Können diese Woche ja mal ne Feierabendrunde um den See drehen, wenns bei dir zeitlich passt.


----------



## GeorgeP (29. August 2011)

Alex-F schrieb:


> Sehr chic.  Aber dein Lenker ist krumm.
> 
> Können diese Woche ja mal ne Feierabendrunde um den See drehen, wenns bei dir zeitlich passt.


 
Können wir gerne machen !


----------



## psycho82 (30. August 2011)

Hab gerade im Leichtbauforum gelesen, dass wegen einem Messfehler nochmal 200g oben frauf gekommen sind...

Trotzdem klasse Gewicht

Gruß

Benny


----------



## GeorgeP (30. August 2011)

Stimmt sind nochmal 200g drauf, somit sind es 12,58Kg. 

Bin aber immer noch mehr als zufrieden mit dem gewicht, zumahl ich mit anderen reifen und nem anderen sattel sowie sattelstütze immer noch auf sub 12Kg kommen könnte.

Nur das will ich nicht, ich will fahren und nicht schrauben 

Cheers
George


----------



## Trekki (30. August 2011)

GeorgeP in der Teileliste schrieb:


> Schummelgewicht





Ich habe mich schon immer gefragt, warum die Räder ohne Pedale angegeben werden.

-trekki


----------



## psycho82 (30. August 2011)

GeorgeP schrieb:


> Bin aber immer noch mehr als zufrieden mit dem gewicht, zumahl ich mit anderen reifen und nem anderen sattel sowie sattelstütze immer noch auf sub 12Kg kommen könnte.
> 
> Nur das will ich nicht, ich will fahren und nicht schrauben
> 
> ...



Kann dir nur zustimmen, ein AM sollte auch AM-tauglich bleiben, heißt vernünftige Reifen,versenkbare Sattelstütze, 
etc., dürfen und sollten sein

Gruß

Benny


----------



## GeorgeP (31. August 2011)

jep und so wie es ist, ist es ein AM ohne einschränkungen 

Cheers
George


----------



## Alex-F (31. August 2011)

Bis auf fehlende Schrauben


----------



## MTB-News.de




----------



## GeorgeP (31. August 2011)

Alex-F schrieb:


> Bis auf fehlende Schrauben


 

du meinst den abschlussring, der kommt morgen


----------



## psycho82 (1. September 2011)

Die 64 g für die Crank Brother-Griffe ist für das Paar , oder?
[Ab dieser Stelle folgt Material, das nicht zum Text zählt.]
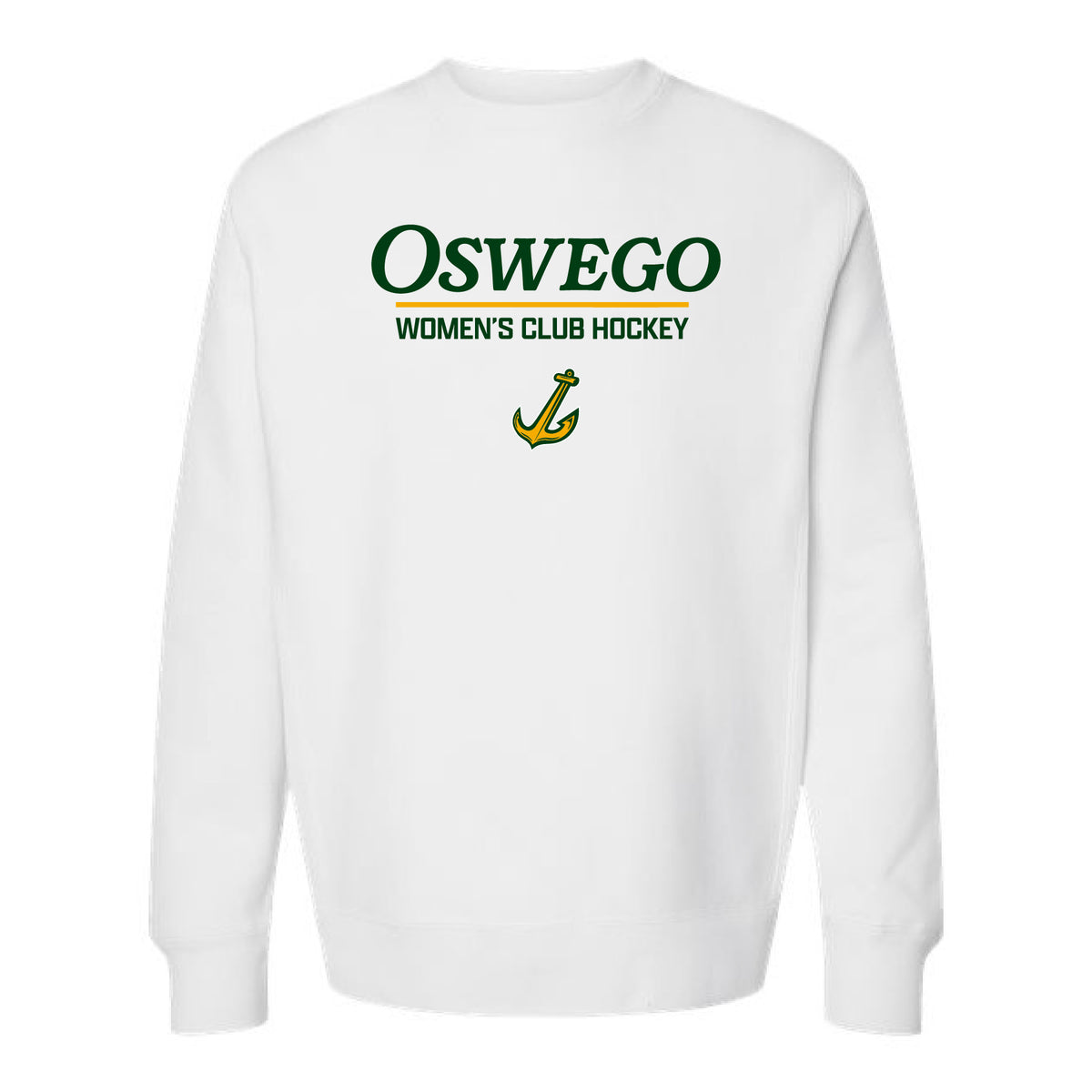 Oswego Women's Club Hockey Crewneck Sweatshirt - Old Style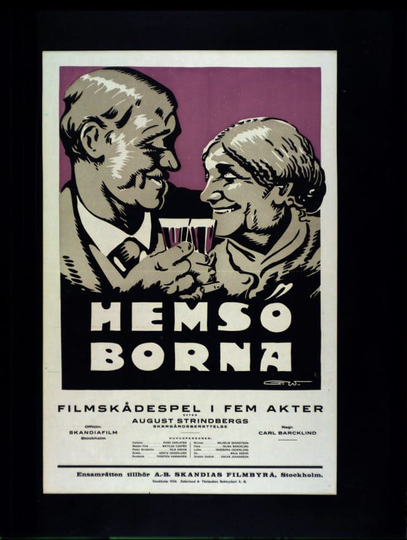 Hemsöborna Poster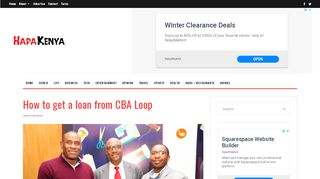 
                            4. How to get a loan from CBA Loop - HapaKenya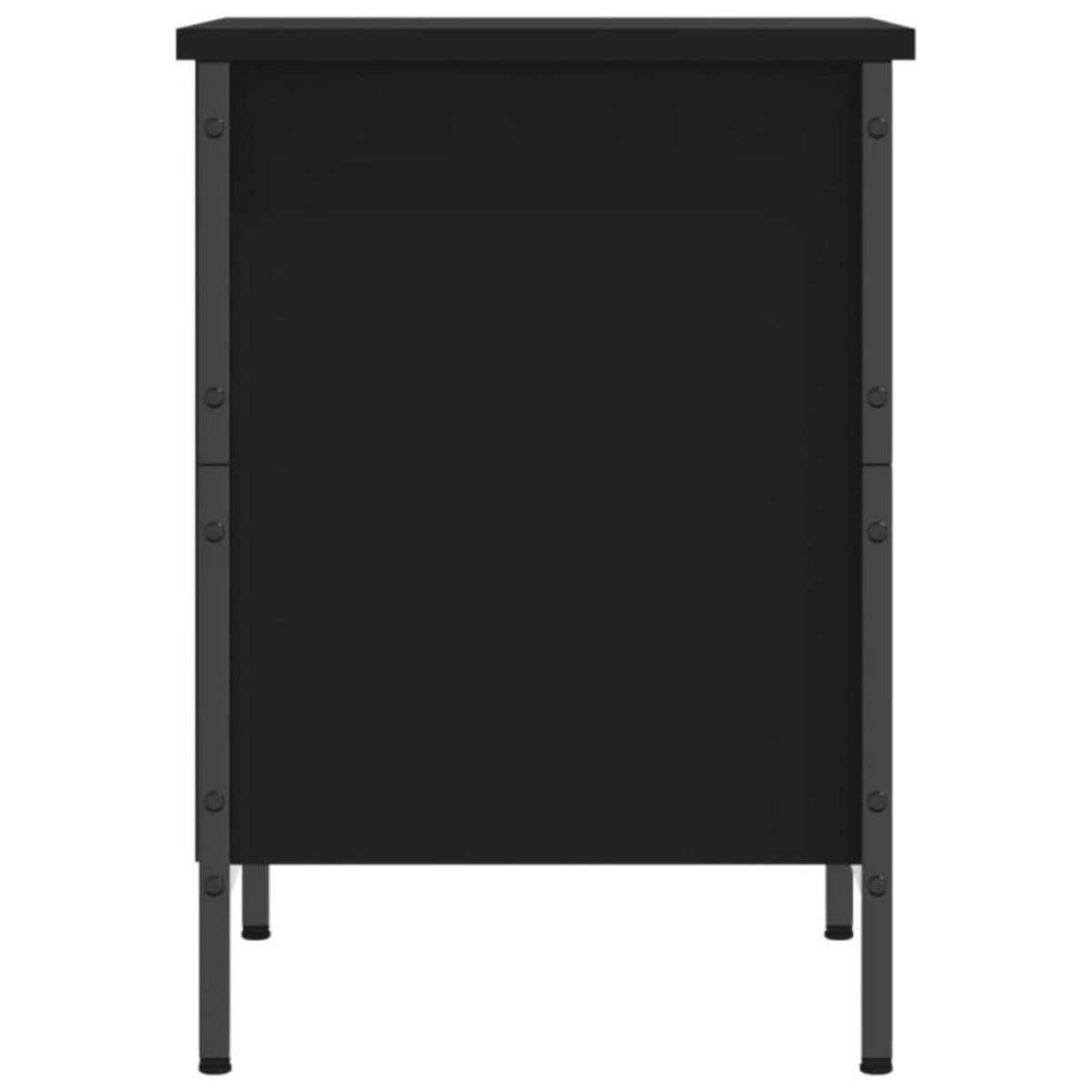 VIDAXL Armoire à chaussures noir 38x35x50 cm bois d ingénierie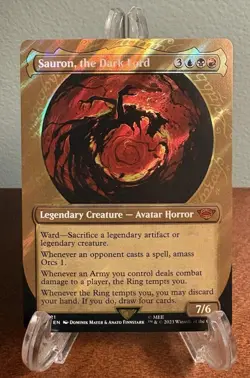 MTG Sauron the Dark Lord Showcase Surge Foil 821 Lord of the RIngs LOTR Magic - Image 1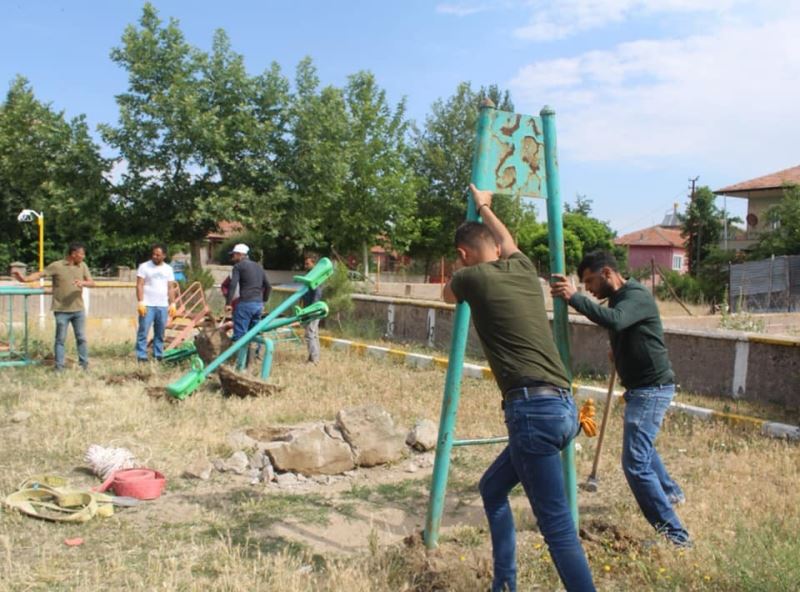 Boğazlıyan’da Çocuk parkları yenileniyor
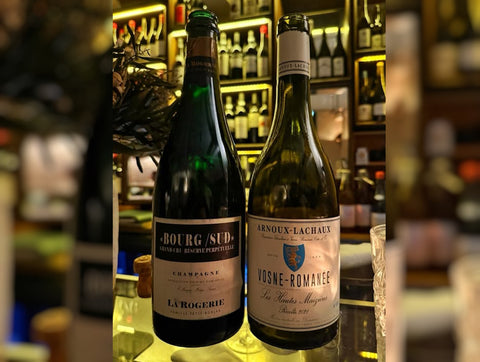 Champagne La Rogerie's Bourg Sud by Justine Boxler and François Petit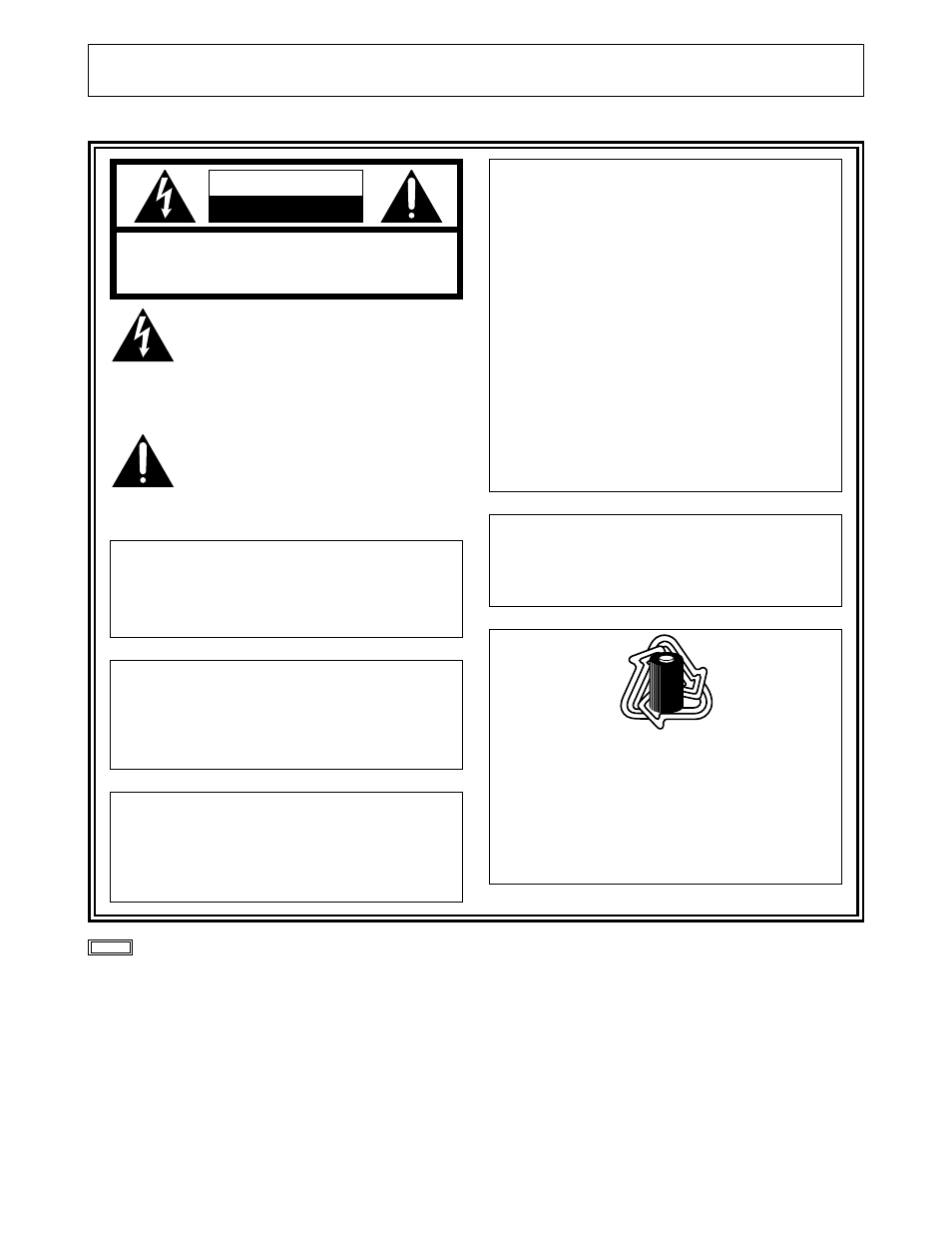 Warning, Caution | Panasonic AG-DVC200 User Manual | Page 2 / 44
Sind das die Griffe mit je 2 zwei Lock-on-Ringenß- weil dann wäre das Gewicht echt klasse.
Hätte beim AM halt bedenken mit reinen Schumgriffen und der Haarspraymethode....
Passt das Gold der Lock on Griffe zum restlichen gold?

Gruß

Benny


----------



## GeorgeP (2. September 2011)

psycho82 schrieb:


> Die 64 g für die Crank Brother-Griffe ist für das Paar , oder? Sind das die Griffe mit je 2 zwei Lock-on-Ringenß- weil dann wäre das Gewicht echt klasse.
> Hätte beim AM halt bedenken mit reinen Schumgriffen und der Haarspraymethode....
> Passt das Gold der Lock on Griffe zum restlichen gold?
> 
> ...


 

Das gewicht ist für das paar, klemmen sehr gut und sind um längen angenehmer im griffgefühl wie die rose griffe.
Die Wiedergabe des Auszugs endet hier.